Some of the problem may have had to do with the intellectual rigors of the job. The younger children were “all pretty smart for their age,” he said, but “I’ve never met a 7-year-old who can match an 11-year-old in a conversation about philosophy.”
But even older interpreters found the pressure of nonstop thoughtful conversation draining. Bram Wasti, 16 and a junior at Hunter College High School, recalled that on his first day as a guide, one of the visitors had defined progress as “deprivatizing the Federal Reserve.” “I had absolutely no idea how to talk about it,” he said. (“I looked it up later, and it’s absolutely not true.”)
And Vinnie Wilhelm, a 31-year-old writer from Philadelphia, initially felt he needed to summon “the intellectual dexterity of Kant or Diogenes” to do the job, “as if you had to have these nuggets of intellectual insight so you could awe them with your oracular intelligence.”
Asad Raza, the producer of the exhibition and the recruiter of most of the guides, said he had seen the work improve over time, as the guides became more relaxed and more willing to be themselves. “There was a kind of anxiety about being chosen for their intelligence,” he said. It could lead to grandstanding. By the end, he said, the piece had become more personal.

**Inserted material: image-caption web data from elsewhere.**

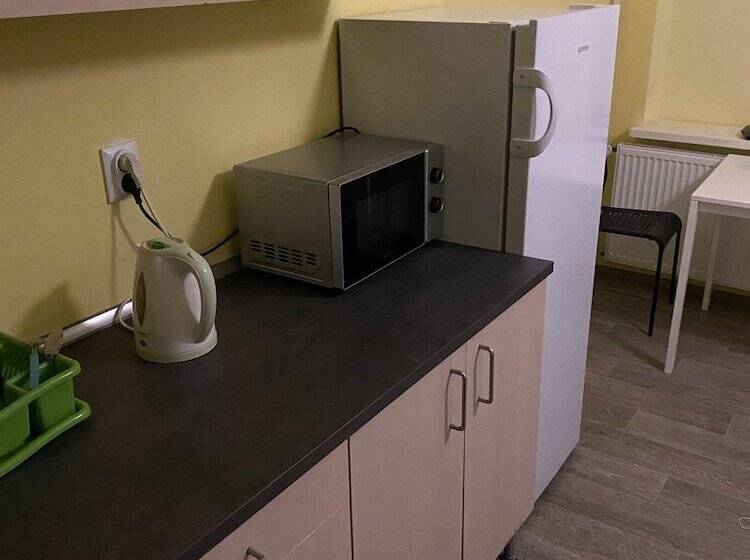 هاستل Easy Housing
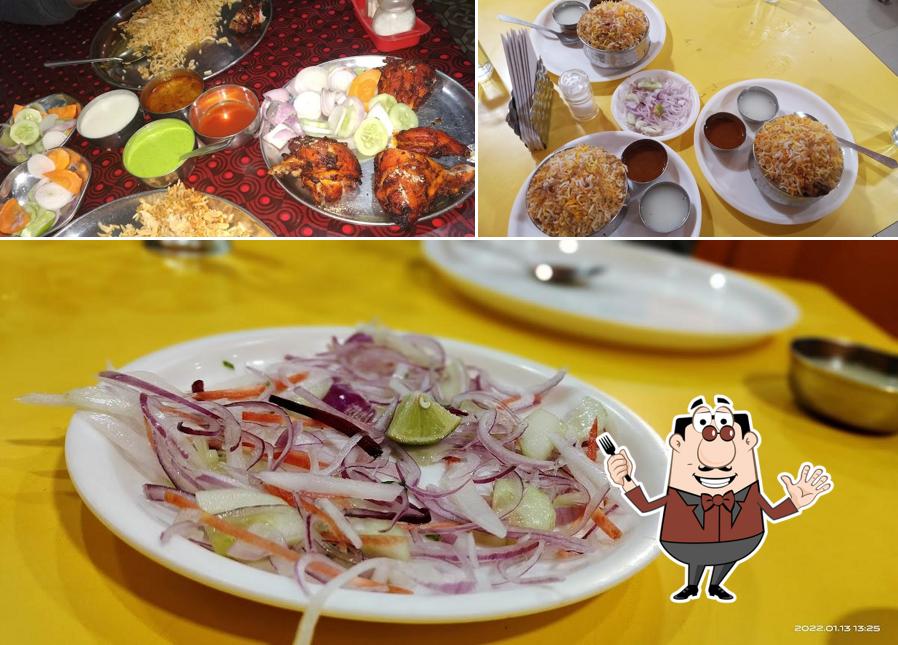 Food at Murg Massallam
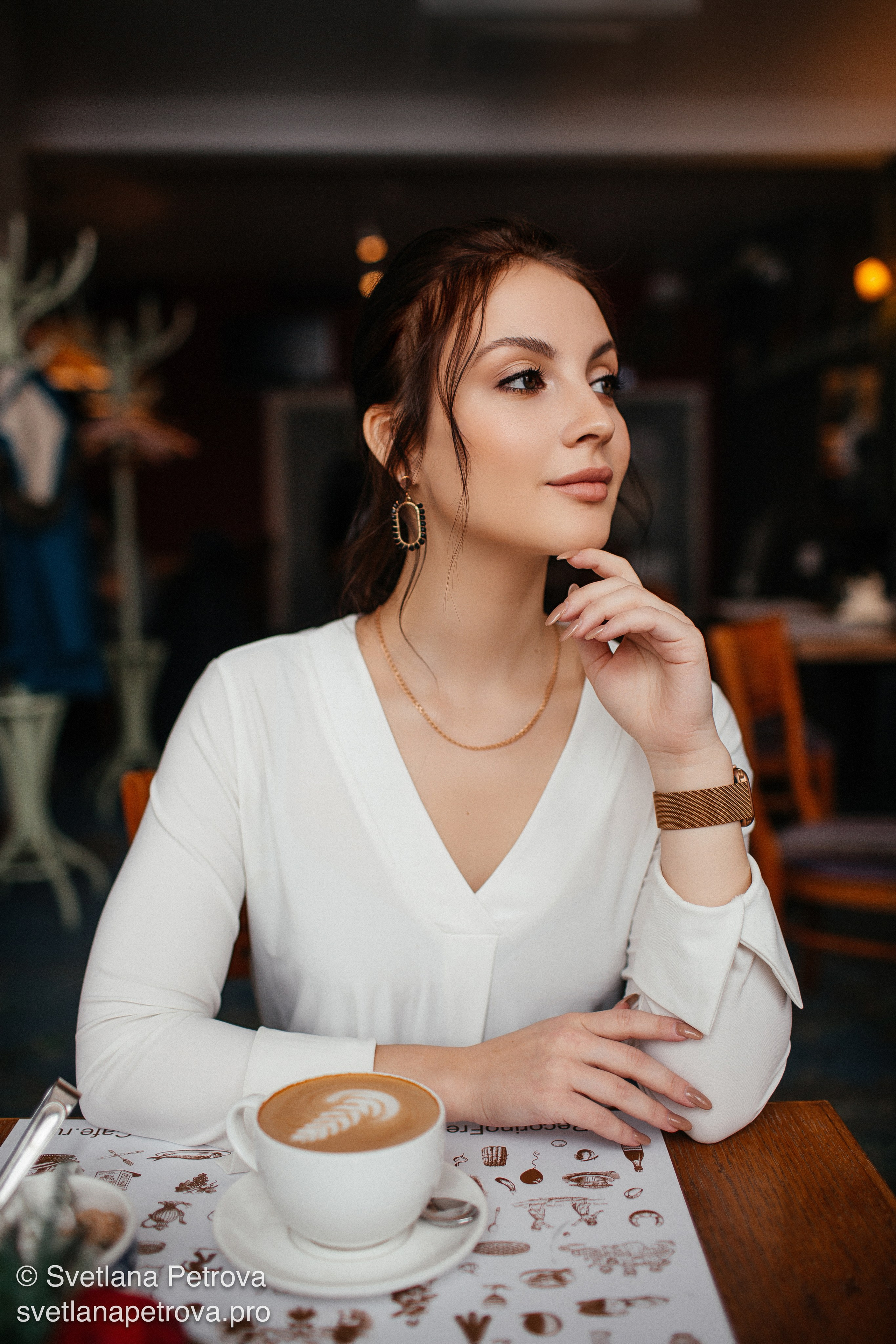 Индивидуальная съёмка в кафе. Зима 2021. Фотограф Светлана Петрова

Museum visitors, meanwhile, some of whom had no idea what to expect of the show, were not always relaxed about being approached by chatty strangers.
“I felt bad about it,” Mr. Rashid said. “You’d get rejected halfway up the ramp. They say something like ‘I think we’re here for the art.’ ”
The trick was not to take it personally. “If you get rejected it’s because they weren’t interested, not because you weren’t interesting,” he said, as if repeating a mantra.
And as in any service job, the customers could be difficult. At one point Betsy Carroll, 20, a junior at Columbia University, found herself refereeing a lovers’ quarrel. She had asked a couple “Do you learn from your mistakes?” The man said yes. His companion, a woman, rather vehemently disagreed.
“She had a lot of anger about that,” Ms. Carroll recalled. “She chose this moment to bring it up.”
Daniel Kaiser, 73, a literature professor at Sarah Lawrence, noted that “European and Asiatic couples are very polite they listen to what you say.” American college students, on the other hand, “are the worst they have bad manners.”
In the reading room where the adults gathered, a joke circulated in which a guide pushes a particularly annoying visitor over the edge of the ramp rail. Gesturing toward the body below, the guide would announce the title of the new work: “Tino Sehgal, ‘This Pancake,’ 2010.”
But even those who found the gig trying seemed generally happy with their experience, and hopeful about sustaining some of the connections they had made. “One of the things I’m anticipating is that someone will come up to me in a coffee shop and say ‘Hey, I talked to you at the Guggenheim,’ ” Mr. Blecher said.
In the final days of the show, feeling ill, he took a taxi home after his last shift. He began talking to the cab driver, a New Yorker of 31 years. “ ‘I love to have these interesting conversations,’ ” said the driver. “I’ve been practicing a lot,” Mr. Blecher replied.
An article last Saturday about people who acted as guides as part of the work “This Progress” by Tino Seghal at the Guggenheim Museum misstated the surname of one and misspelled the given name of another. A sixth-grader at the School at Columbia University who took part is Solomon Dworkin, not Bender. A junior at Hunter College High School who also served as a guide is Bram Wasti, not Bran.